VACATED AND REMANDED.
Notes
. Fabregas falsely declared on his foster-care license application that he had never been convicted of a felony. On May 6, 1998, Fabregas moved the court for a certificate of rehabilitation, which enabled him to be licensed regardless of his criminal history.
. Fabregas attached his extensive criminal history to his motion.
. On May 8, 1998, prior to DSHS issuing Fabregas' foster-care license, the King County Superior Court entered a permanency planning order placing Monica with Fabregas.
. A CPS referral addresses child abuse or neglect and investigations are concluded as either founded, unfounded, or inconclusive. A licensing referral addresses violations of regulations or policies and investigations are concluded as valid or invalid.
. Lydia was facing criminal charges at the time.
. Ellis Amdur conducted the assessment and recommended that Fabregas adopt both Ruth and Estera.
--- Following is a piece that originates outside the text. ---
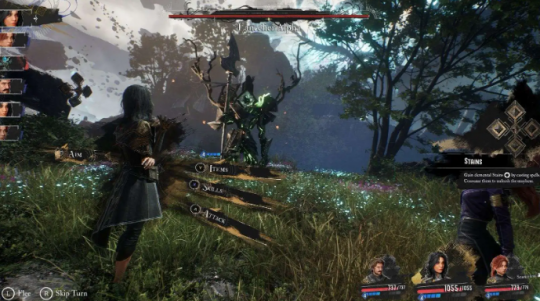 《光与影:33号远征队》编剧坦言游戏无"真结局":生活本就充满复杂性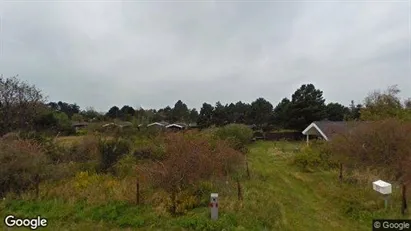 Apartments for rent in Sjællands Odde - Photo from Google Street View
. Lydia changed her name from "Lydia Ta-mas" to "Diana Smith." For consistency, this opinion uses "Lydia.”
. Appellees maintain that Appellants’ failure to follow state law regarding reporting child abuse allegations to law enforcement supports their claims under § 1983. However, to state a claim under § 1983, a plaintiff must "allege the deprivation of a right secured by the
federal
Constitution or statutory law ...”
Lone Star Sec. & Video, Inc. v. City of Los Angeles,
. There does not appear to be authority from the United States Supreme Court or our circuit specifically addressing this point.